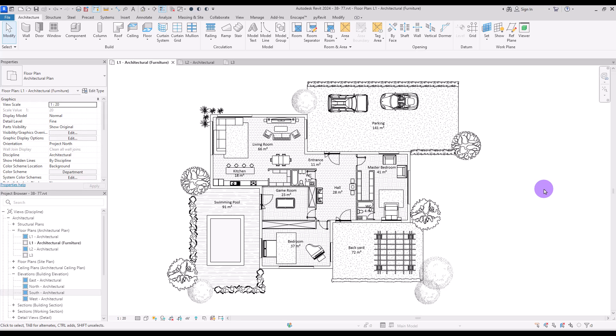One of the best features in Revit is room and area — at least I think it's way easier and faster than AutoCAD. We are going to see how we can use these tools and how we can export their schedule. To start using this tool, you need to first make sure that you are in floor plan.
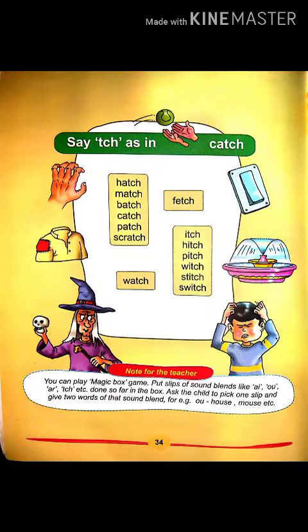Look at this word TCH. For example: Catch, Fetch, Watch.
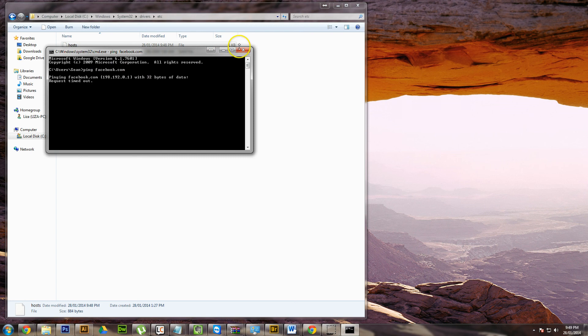So that's just a quick and easy way to make your computer think that a website is on another server. Thanks.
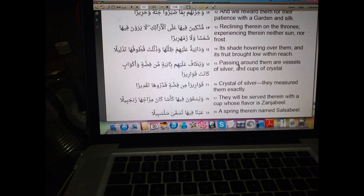And they feed for the love of him the poor and the orphan and the captive. We only feed you for the sake of Allah. We want from you neither compensation nor gratitude.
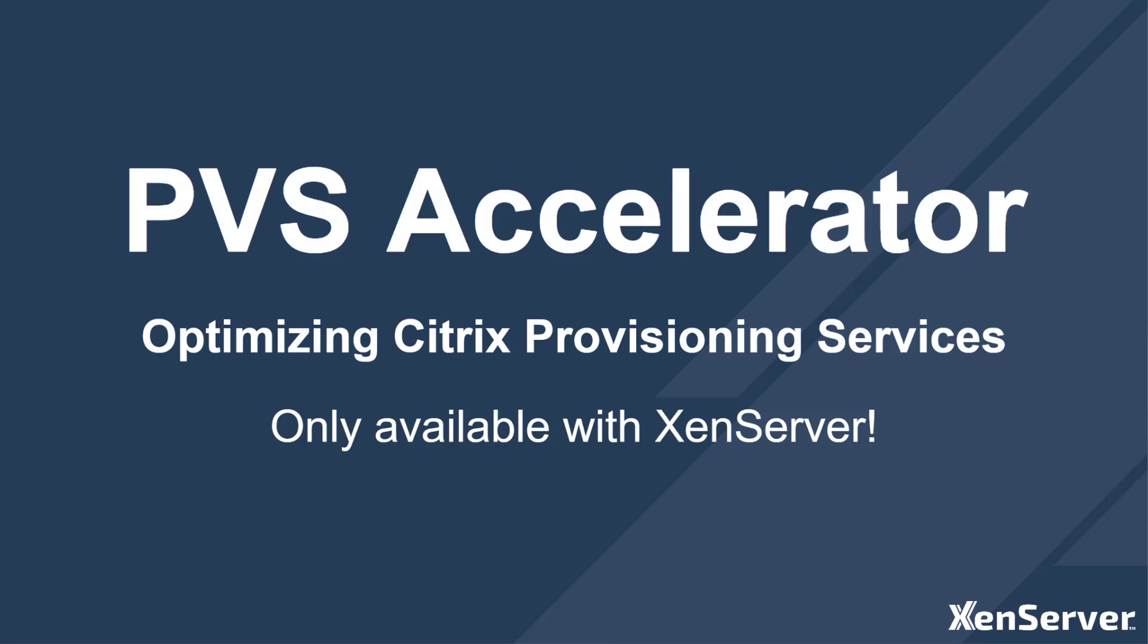Today I am going to be talking about how the PVS Accelerator for XenServer works and how it can be configured. This XenServer feature can deliver significant reduction on network usage whilst also accelerating VM performance when delivering images via Citrix provisioning services.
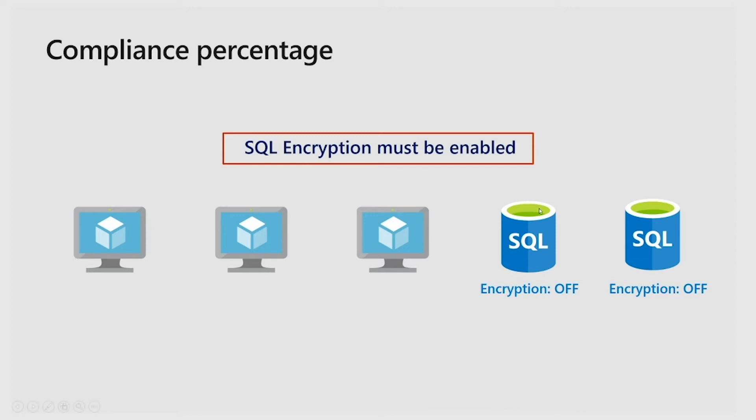The SQL databases are applicable resources. And so out of the two SQL databases you have, you have no resources that have the encryption enabled. So hence you'll get 0% compliance.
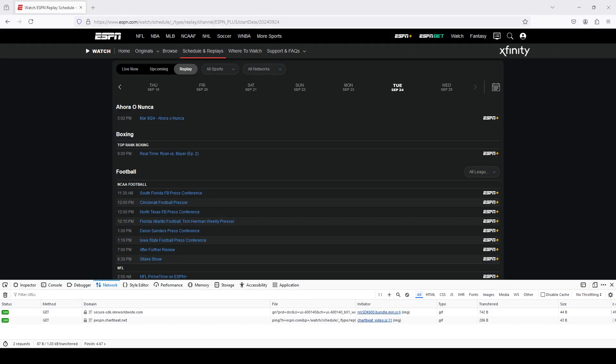Welcome back to my channel, Cord Cutting in Sports. This is a short video talking about a change in where you find the authorization key, essentially the cookie, that you need to download and save ESPN Plus events.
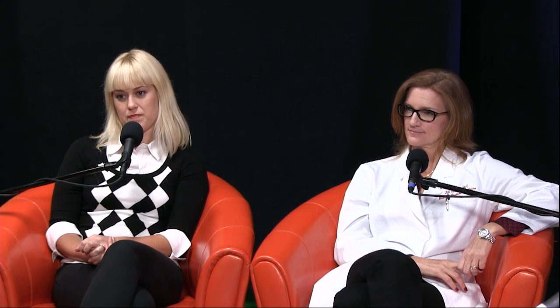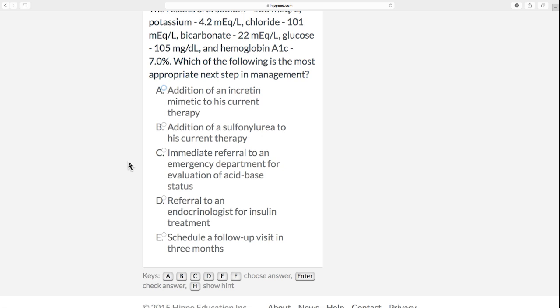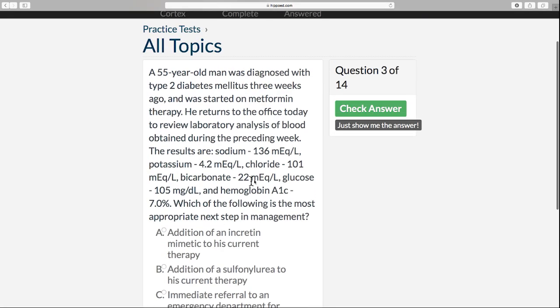This lab was taken a week ago. What do we know about hemoglobin A1c? It's basically an average over three months — of your glucose level — and it's going to take a while to have that A1c come down. Looking at the choices: incretin mimetic — skip that. Sulfonylurea — he doesn't need another hypoglycemic agent. Emergency department referral for acid-base — he doesn't have an acidosis or alkalosis. Referral to an endocrinologist for insulin — his glucose is fine. So we'll schedule a follow-up in three months when that A1c may come down. That sounds pretty logical. Let's choose that and check our answer.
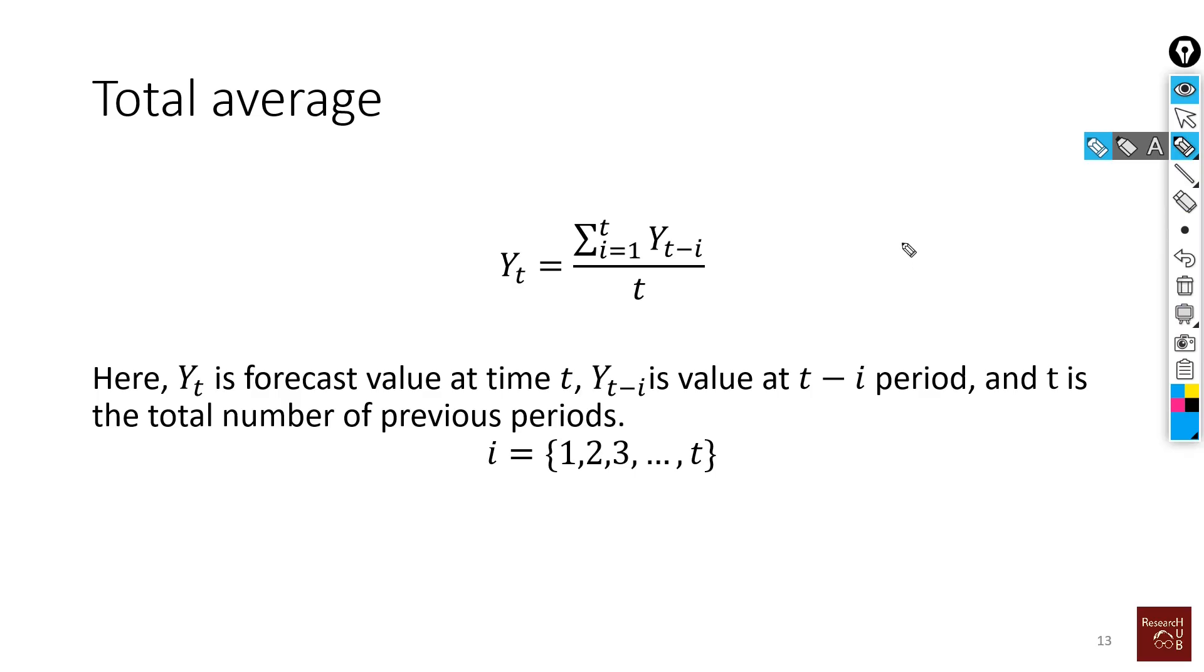In the previous video we looked into naive forecast and now we will look into the average total averaging method of forecast. We will slowly move to more complex models, but one thing you'll see is that we will just simply add on to these simple equations until we have suddenly a quite complex model.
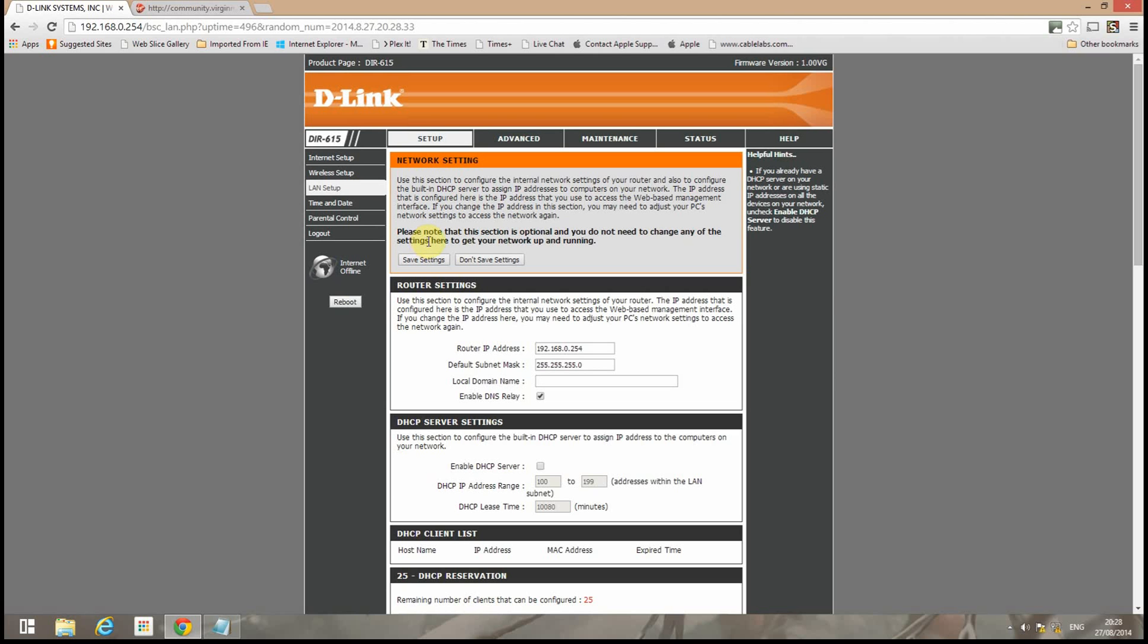Now because the computer's already connected to one of the Ethernet ports on the D-Link, we'll then just connect the Superhub into one of the other three Ethernet ports. Again this must be the LAN ports, not the WAN port.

┄┄┄┄┄┄┄┄┄┄

Wherever the listing shows a picture, omit it and output the rest exactly as given.

* **Task response**
One of the best features in Revit is room and area — at least I think it's way easier and faster than AutoCAD. We are going to see how we can use these tools and how we can export their schedule. To start using this tool, you need to first make sure that you are in floor plan.
Look at this word TCH. For example: Catch, Fetch, Watch.
So that's just a quick and easy way to make your computer think that a website is on another server. Thanks.
And they feed for the love of him the poor and the orphan and the captive. We only feed you for the sake of Allah. We want from you neither compensation nor gratitude.
Today I am going to be talking about how the PVS Accelerator for XenServer works and how it can be configured. This XenServer feature can deliver significant reduction on network usage whilst also accelerating VM performance when delivering images via Citrix provisioning services.
The SQL databases are applicable resources. And so out of the two SQL databases you have, you have no resources that have the encryption enabled. So hence you'll get 0% compliance.
Welcome back to my channel, Cord Cutting in Sports. This is a short video talking about a change in where you find the authorization key, essentially the cookie, that you need to download and save ESPN Plus events.
This lab was taken a week ago. What do we know about hemoglobin A1c? It's basically an average over three months — of your glucose level — and it's going to take a while to have that A1c come down. Looking at the choices: incretin mimetic — skip that. Sulfonylurea — he doesn't need another hypoglycemic agent. Emergency department referral for acid-base — he doesn't have an acidosis or alkalosis. Referral to an endocrinologist for insulin — his glucose is fine. So we'll schedule a follow-up in three months when that A1c may come down. That sounds pretty logical. Let's choose that and check our answer.
In the previous video we looked into naive forecast and now we will look into the average total averaging method of forecast. We will slowly move to more complex models, but one thing you'll see is that we will just simply add on to these simple equations until we have suddenly a quite complex model.
Now because the computer's already connected to one of the Ethernet ports on the D-Link, we'll then just connect the Superhub into one of the other three Ethernet ports. Again this must be the LAN ports, not the WAN port.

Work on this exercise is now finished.